***** EXTRACTED DATA
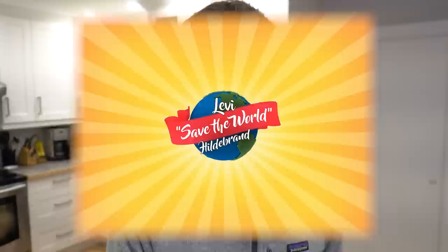Welcome back to another Levi's Save the World Hildebrand episode, the channel where we prove that you don't need to be a hero to save the planet. Today Leah and I are going to be showing you our new car and talking about why we bought it.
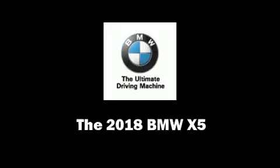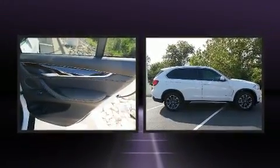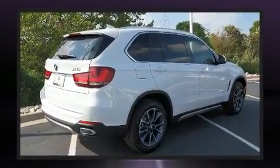Climb inside the 2018 BMW X5. It features all-wheel drive versatility, an automatic transmission, and a 3-liter 6-cylinder engine. The engine breathes better thanks to a turbocharger, improving both performance and economy.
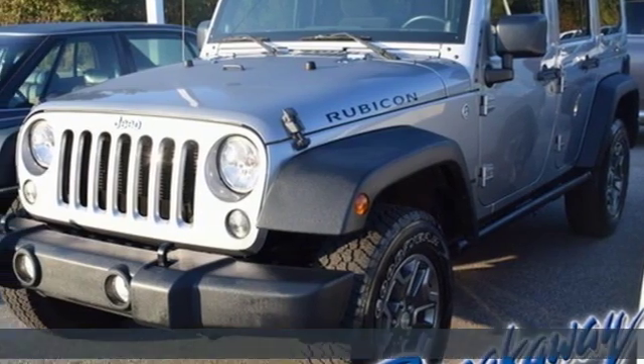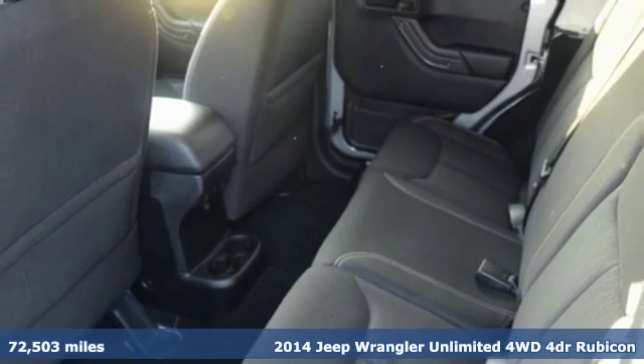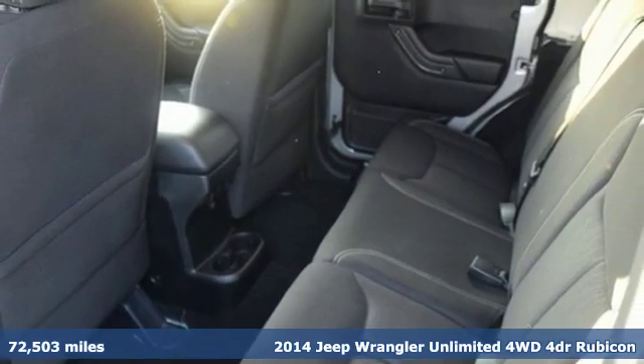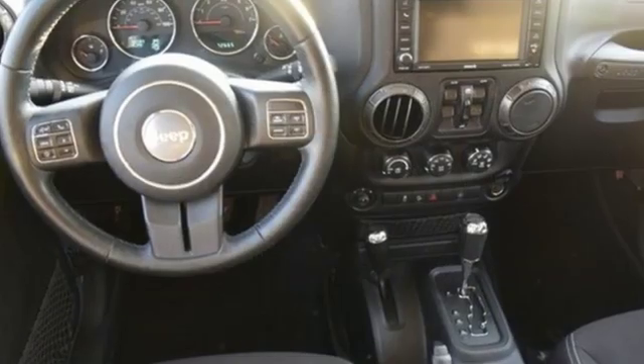Here's a 2014 Jeep Wrangler Unlimited. This Wrangler is the right balance of style and purpose, and with four doors it's easy for everyone to join in on the fun. Get ready for an impressive combination of features.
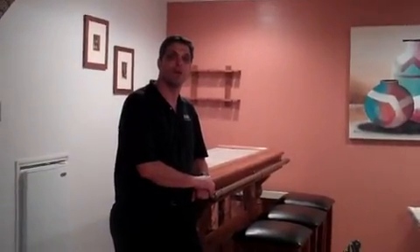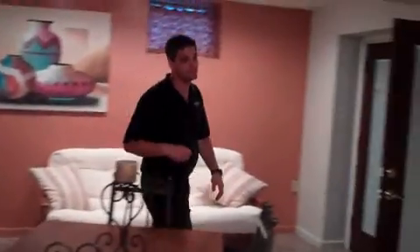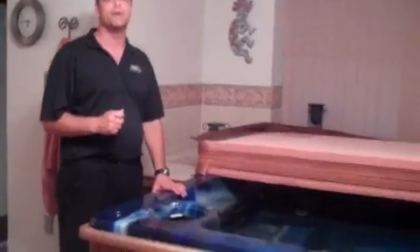We're now at the lower level. We have a wet bar, a mini refrigerator, an entertaining area, a six-person hot tub, and a full bathroom complete with a tiled shower.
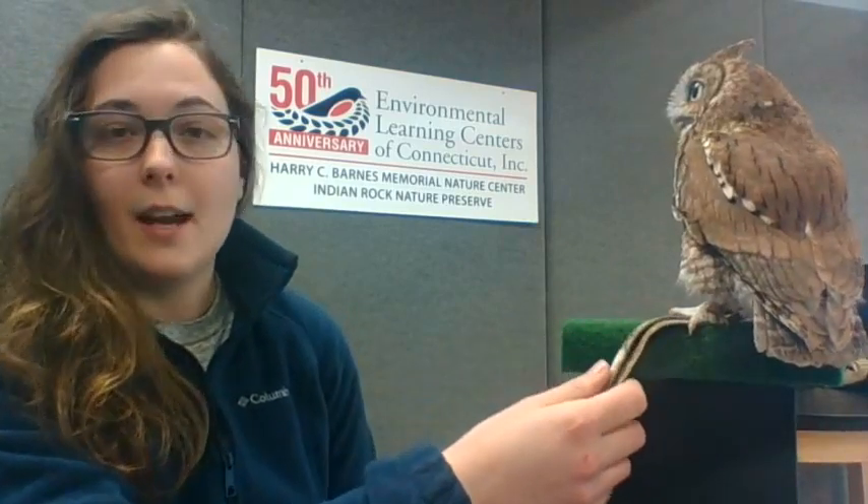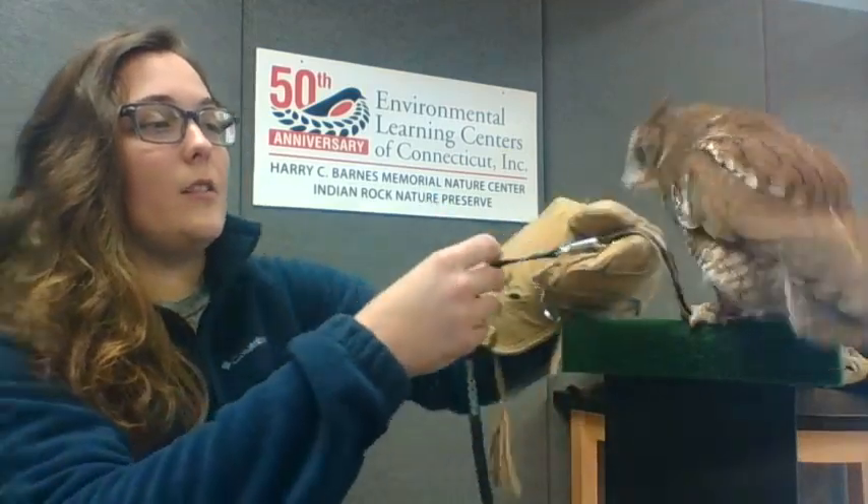We're going to learn four key clues to IDing this animal. Whenever you see wild birds, there are four questions you can ask yourself to ID a bird. We're going to learn what those four questions are, and I'm going to get her on the glove so we can take a closer look.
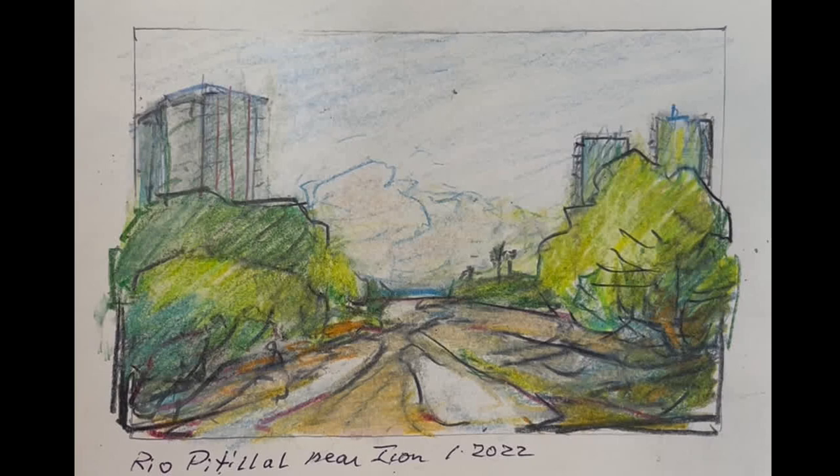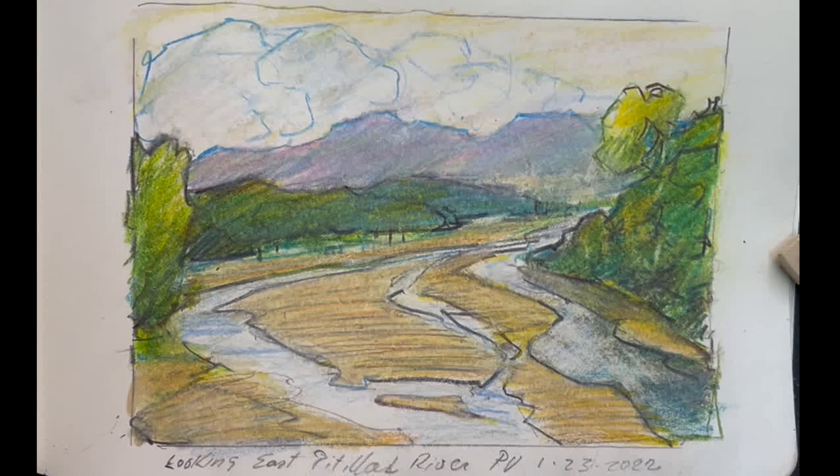This is looking west — the ocean is in the background and the hotel we stayed in is on the right. It does flow and bring a lot of water when it rains, and it did rain on the day we left. They got about five inches of rain in an hour, so there was a lot of water. I would have loved to have seen the Rio Pitilal near our hotel running full.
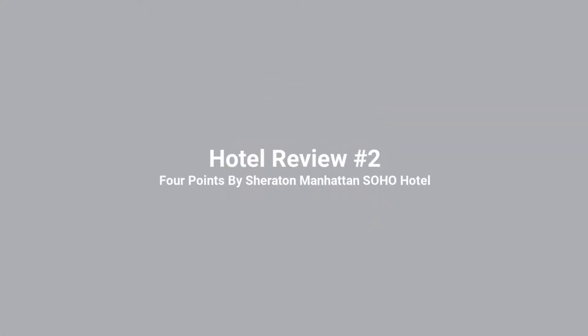Hello everyone, welcome back to another hotel review. Today we are going to be reviewing the Four Points by Sheraton Manhattan Soho hotel. I'm really excited to be doing this on our second episode, and today I have a very good hotel. I'm really pleased with my stay at this hotel.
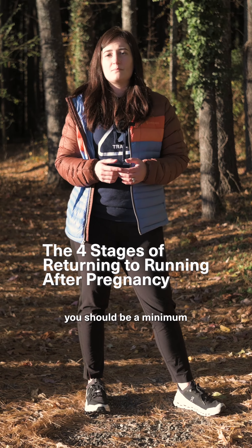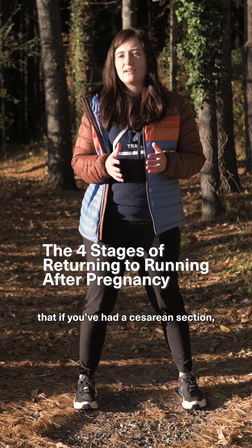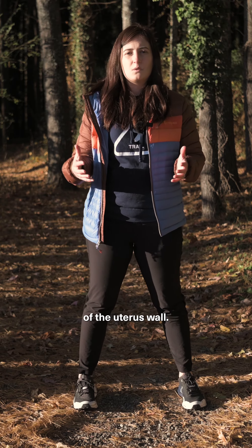Your first stage is that you should be a minimum of three to six months postpartum. Keep in mind that if you've had a cesarean section, you should be on the later end of that timeline, just because of the healing of the uterus wall.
**********
## WHAT THE TASK ASKS
The answer must consist solely of the lines from the first line of the data through the line containing "Hello everyone, welcome", inclusive, reproduced exactly and without pictures.

## ANSWER TO THE PROBLEM
Welcome back to another Levi's Save the World Hildebrand episode, the channel where we prove that you don't need to be a hero to save the planet. Today Leah and I are going to be showing you our new car and talking about why we bought it.
Climb inside the 2018 BMW X5. It features all-wheel drive versatility, an automatic transmission, and a 3-liter 6-cylinder engine. The engine breathes better thanks to a turbocharger, improving both performance and economy.
Here's a 2014 Jeep Wrangler Unlimited. This Wrangler is the right balance of style and purpose, and with four doors it's easy for everyone to join in on the fun. Get ready for an impressive combination of features.
We're now at the lower level. We have a wet bar, a mini refrigerator, an entertaining area, a six-person hot tub, and a full bathroom complete with a tiled shower.
We're going to learn four key clues to IDing this animal. Whenever you see wild birds, there are four questions you can ask yourself to ID a bird. We're going to learn what those four questions are, and I'm going to get her on the glove so we can take a closer look.
This is looking west — the ocean is in the background and the hotel we stayed in is on the right. It does flow and bring a lot of water when it rains, and it did rain on the day we left. They got about five inches of rain in an hour, so there was a lot of water. I would have loved to have seen the Rio Pitilal near our hotel running full.
Hello everyone, welcome back to another hotel review. Today we are going to be reviewing the Four Points by Sheraton Manhattan Soho hotel. I'm really excited to be doing this on our second episode, and today I have a very good hotel. I'm really pleased with my stay at this hotel.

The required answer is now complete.